> _PROBLEM TO WORK ON_
Please give the records below again in full, exactly, with the images left out.

> _SUPPLIED MATERIAL_
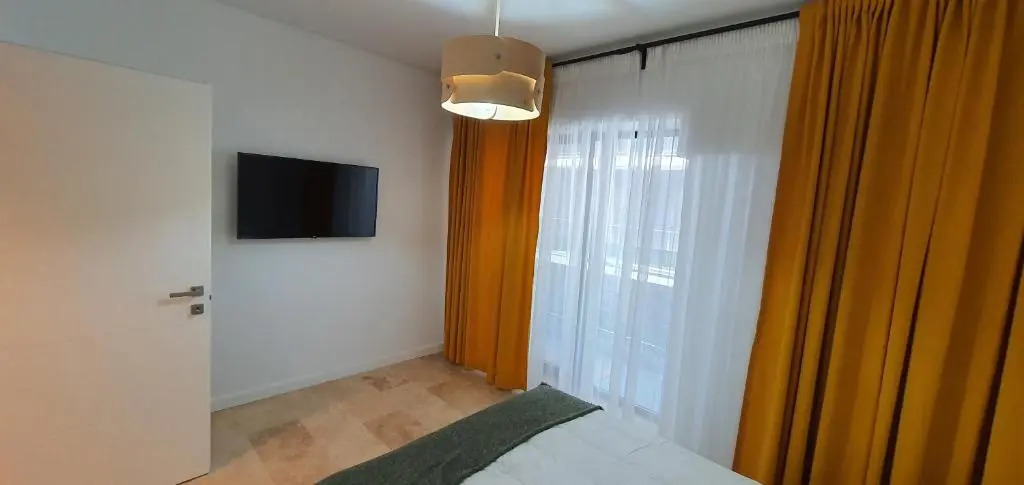 Mirage Sunset Mamaia Apartment D1
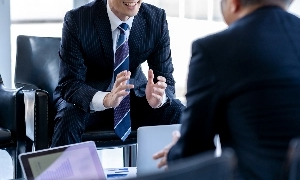 株式会社BeHomme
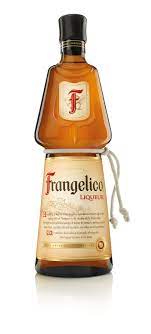 Frangelico Hazelnut Liqueur 700ml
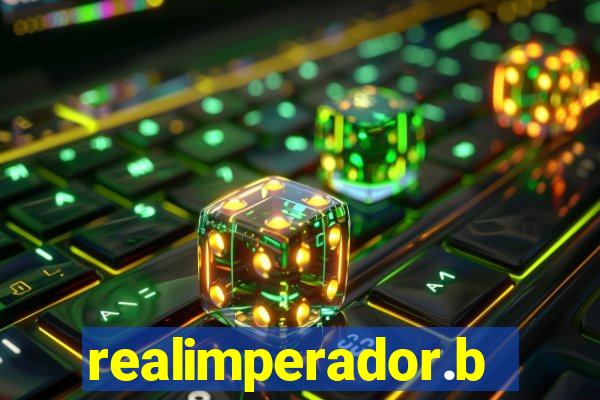 realimperador.bet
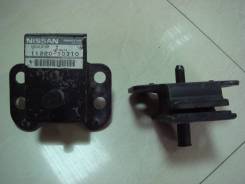 Подушка двигателя. Nissan Safari, WGY61 Nissan Civilian, DJW41, DHW41, DVW41, DCW41 Nissan Patrol Двигатели: TB45E, RD28T, RD28TI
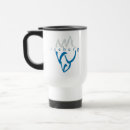 Recherche de abstract voyage mugs Bleu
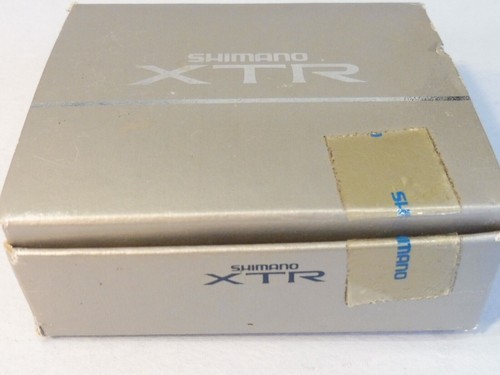 Reggisella shimano xtr m900 - xtr, sq-m900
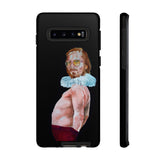 Tough Cases "Pervert"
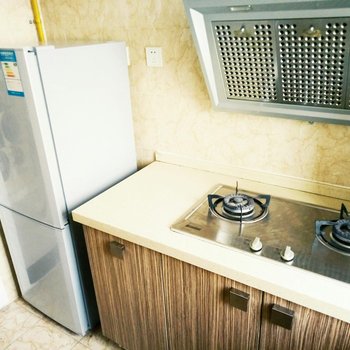 成都青巢格调精品服务度假公寓酒店提供图片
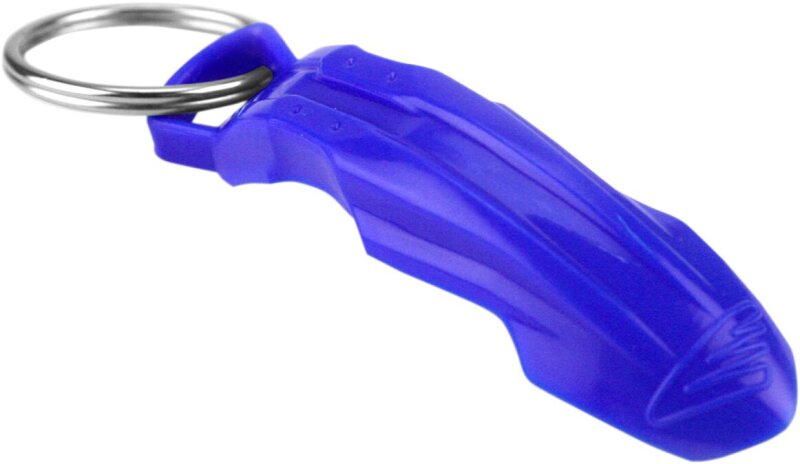 Cycra Fender Keyring Blue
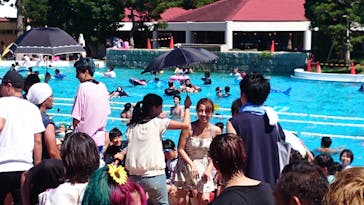 蓮沼ウォーターガーデンに投稿された画像（2020/8/29）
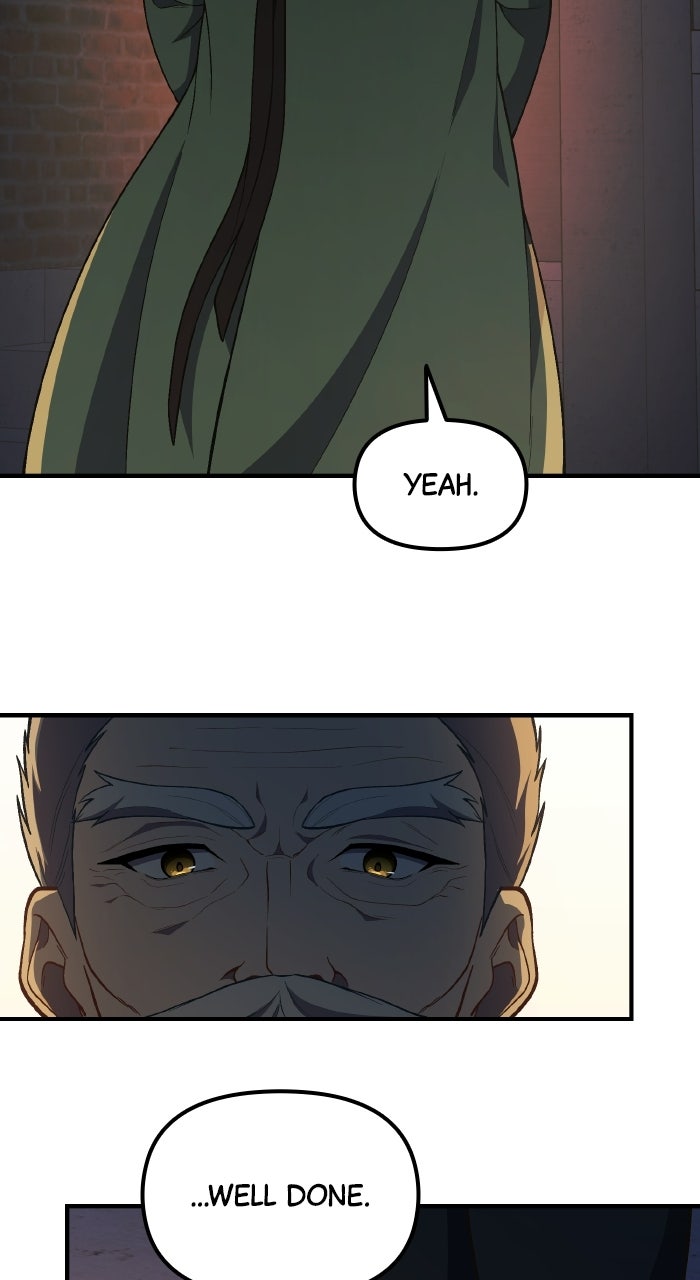 The GeniusWants an Ordinary Life Episode 51 page 6 - 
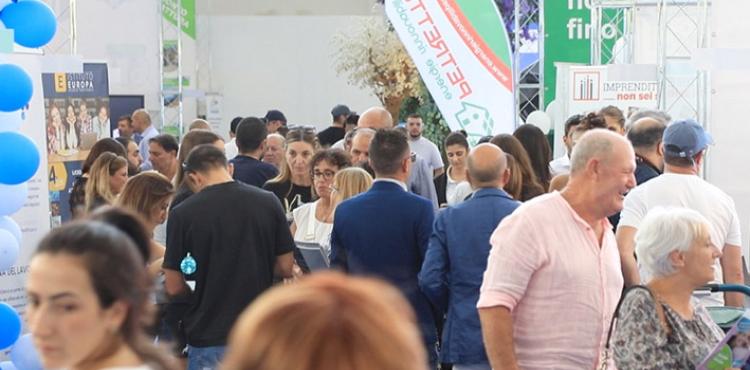 fiera regionale Promo Autunno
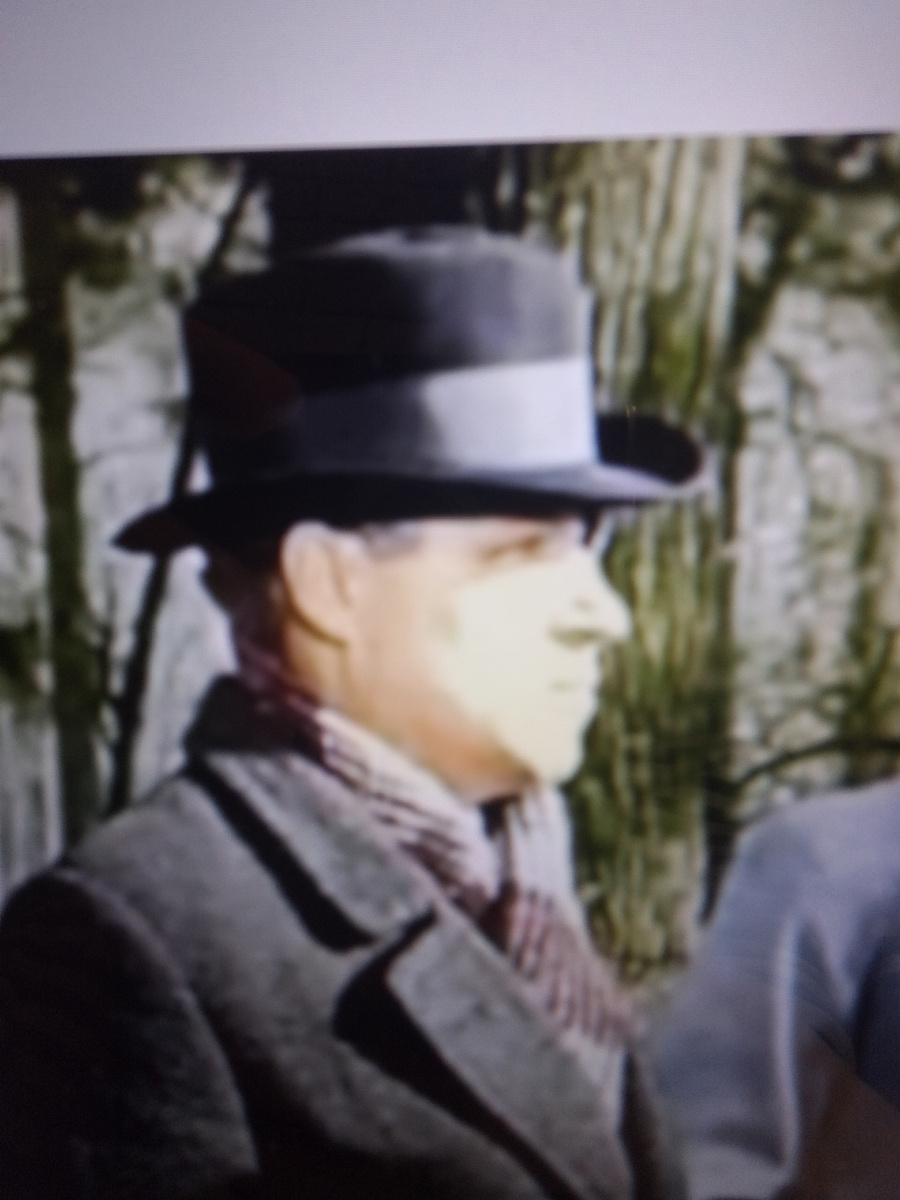 Причины смерти стали инсульт и деменция! 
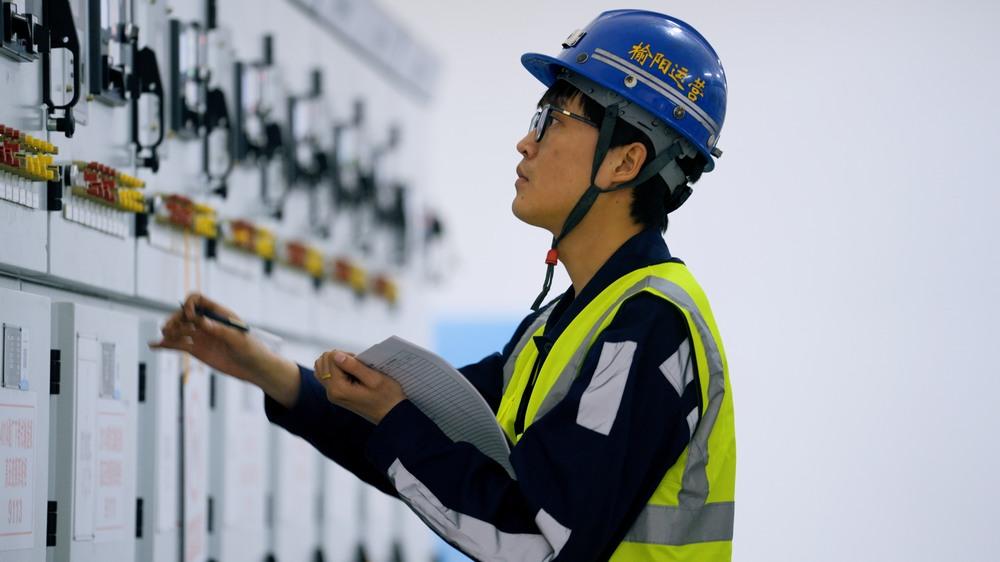 陜煤建設(shè)洗選煤運(yùn)營(yíng)公司：打好“三張牌”  激活人才“新引擎”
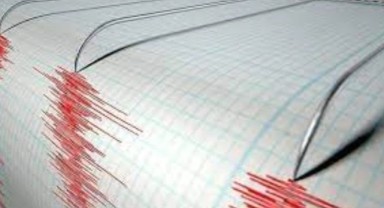 Van'da korkutan deprem. AFAD açıkladı. İşte derinliği ve büyüklüğü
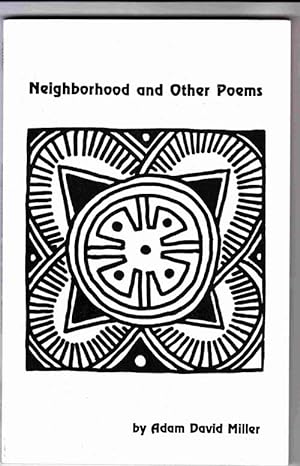Neighborhood & Other Poems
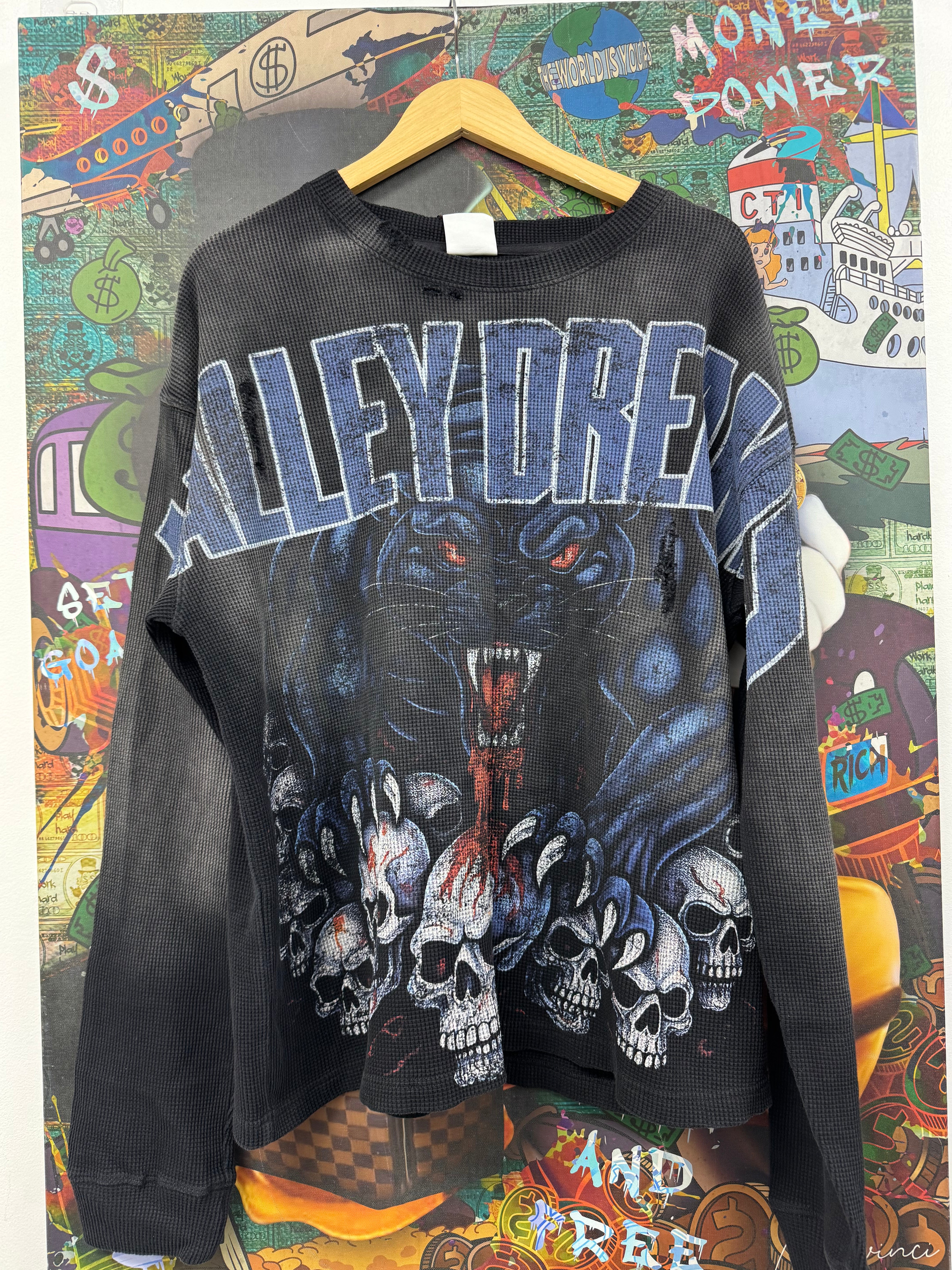 Vale Big Pather Thermal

> _EXERCISE RESULT_
 Mirage Sunset Mamaia Apartment D1
 株式会社BeHomme
 Frangelico Hazelnut Liqueur 700ml
 realimperador.bet
 Подушка двигателя. Nissan Safari, WGY61 Nissan Civilian, DJW41, DHW41, DVW41, DCW41 Nissan Patrol Двигатели: TB45E, RD28T, RD28TI
 Recherche de abstract voyage mugs Bleu
 Reggisella shimano xtr m900 - xtr, sq-m900
 Tough Cases "Pervert"
 成都青巢格调精品服务度假公寓酒店提供图片
 Cycra Fender Keyring Blue
 蓮沼ウォーターガーデンに投稿された画像（2020/8/29）
 The GeniusWants an Ordinary Life Episode 51 page 6 - 
 fiera regionale Promo Autunno
 Причины смерти стали инсульт и деменция! 
 陜煤建設(shè)洗選煤運(yùn)營(yíng)公司：打好“三張牌”  激活人才“新引擎”
 Van'da korkutan deprem. AFAD açıkladı. İşte derinliği ve büyüklüğü
Neighborhood & Other Poems
 Vale Big Pather Thermal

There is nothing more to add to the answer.